Our Alder and Madison City Council President Sheri Carter spoke about a range of issues facing our neighborhood and South Madison. The Council is taking inventory of the changes that will take place as the Town of Madison is absorbed by the City. Balancing the budget is a key priority, which is proving challenging due to the effects of COVID-19. Policing is also a focus, and the Council is evaluating a model to help in situations where mental health support is needed. Sheri noted that violence prevention, neighborhood intervention, and a citizen oversight board will also be key tenets of the plan. 

 

Guest Speakers: AHNA Grant Recipients

Three guest speakers representing four organizations that received grants from the association presented on how these dollars helped those most in need in our community. 

 

The first guest speaker was Angie Oler, a 15-year resident of Arbor Hills, treasurer of the Leopold Community School PFO, leader of the Leopold Social Justice Fund, and parent of a Leopold student. The AHNA gave two grants to Leopold for a social justice fund and for a COVID-19 relief program. The social justice fund is a last resort when a Leopold family has exhausted other assistance options. Since May, the fund has raised over $18,000, most of which has already been distributed to 33 families to prevent eviction.

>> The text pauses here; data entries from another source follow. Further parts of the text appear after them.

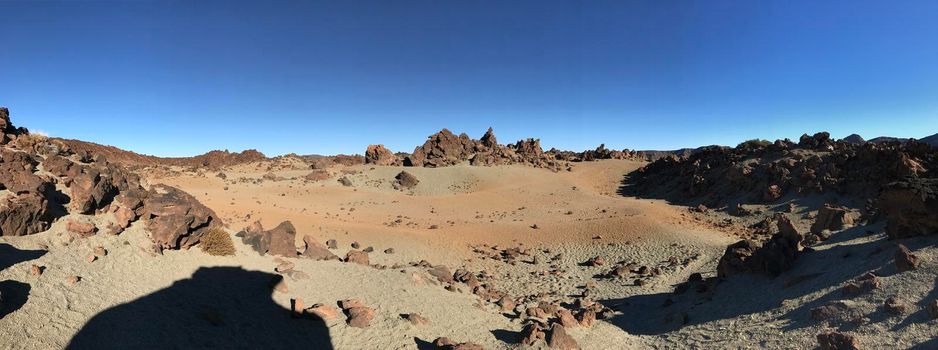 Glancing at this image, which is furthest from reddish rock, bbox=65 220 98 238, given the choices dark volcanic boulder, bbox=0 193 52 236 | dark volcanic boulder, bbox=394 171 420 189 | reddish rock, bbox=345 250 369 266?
dark volcanic boulder, bbox=394 171 420 189

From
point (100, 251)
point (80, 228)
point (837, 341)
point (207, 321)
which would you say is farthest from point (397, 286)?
point (837, 341)

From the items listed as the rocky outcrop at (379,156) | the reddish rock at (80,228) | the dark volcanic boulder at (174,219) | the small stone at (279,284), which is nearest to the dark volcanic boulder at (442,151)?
the rocky outcrop at (379,156)

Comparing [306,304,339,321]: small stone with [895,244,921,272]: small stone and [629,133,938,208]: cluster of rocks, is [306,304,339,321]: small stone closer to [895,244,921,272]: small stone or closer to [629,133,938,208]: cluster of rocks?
[895,244,921,272]: small stone

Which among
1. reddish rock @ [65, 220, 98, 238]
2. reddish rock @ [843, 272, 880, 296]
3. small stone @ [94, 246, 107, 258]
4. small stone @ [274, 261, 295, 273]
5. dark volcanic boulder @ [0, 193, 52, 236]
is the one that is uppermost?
dark volcanic boulder @ [0, 193, 52, 236]

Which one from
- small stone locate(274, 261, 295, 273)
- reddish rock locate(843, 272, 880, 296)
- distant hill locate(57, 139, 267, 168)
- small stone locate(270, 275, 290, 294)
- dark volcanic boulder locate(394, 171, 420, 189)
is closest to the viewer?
reddish rock locate(843, 272, 880, 296)

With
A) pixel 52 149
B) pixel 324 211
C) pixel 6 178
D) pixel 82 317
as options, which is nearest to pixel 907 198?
pixel 82 317

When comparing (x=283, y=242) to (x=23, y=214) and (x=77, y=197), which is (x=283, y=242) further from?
(x=23, y=214)

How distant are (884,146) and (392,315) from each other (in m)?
26.4

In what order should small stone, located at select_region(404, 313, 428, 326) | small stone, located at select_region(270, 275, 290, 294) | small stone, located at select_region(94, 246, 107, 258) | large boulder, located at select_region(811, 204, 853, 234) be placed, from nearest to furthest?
small stone, located at select_region(94, 246, 107, 258) → small stone, located at select_region(404, 313, 428, 326) → small stone, located at select_region(270, 275, 290, 294) → large boulder, located at select_region(811, 204, 853, 234)

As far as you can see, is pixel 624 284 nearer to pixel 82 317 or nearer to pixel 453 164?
pixel 82 317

To learn more and to donate, visit leopold.org/social_justice_fund or email Angie at oler.angie@gmail.com.

 

Gail Wiseman with One City Schools, another elementary school attended by children in Arbor Hills, presented on how the charter school was founded with the mission to help close the racial achievement gap that has plagued Madison for many years. Similar to Leopold, One City quickly established a COVID-19 relief fund for students and their families, which has helped with everything from childcare to food and housing. The organization relies heavily on support from volunteers. To learn how you can help, visit onecityschools.org or email volunteer@onecityschools.org.

 

Chris Ziemba spoke about Second Harvest Foodbank, which distributes food through local pantries and across 16 counties. In 2020, they’ve seen a 61% increase in the number of people who are food insecure - now 1 in 8 people in southern Wisconsin. Usually, most of the food that Second Harvest receives is donated, but this year many of their sources, like restaurants, dried up. Donations like the one from the AHNA were even more important. From March 15 to October 10, Second Harvest distributed 11.2 million pounds of food - 56% more than the same period in 2019. To donate or find information about volunteering, visit secondharvestmadison.org.

 

Thank you to those of you who joined us at the meeting, and to our presenters who took the time to speak with us!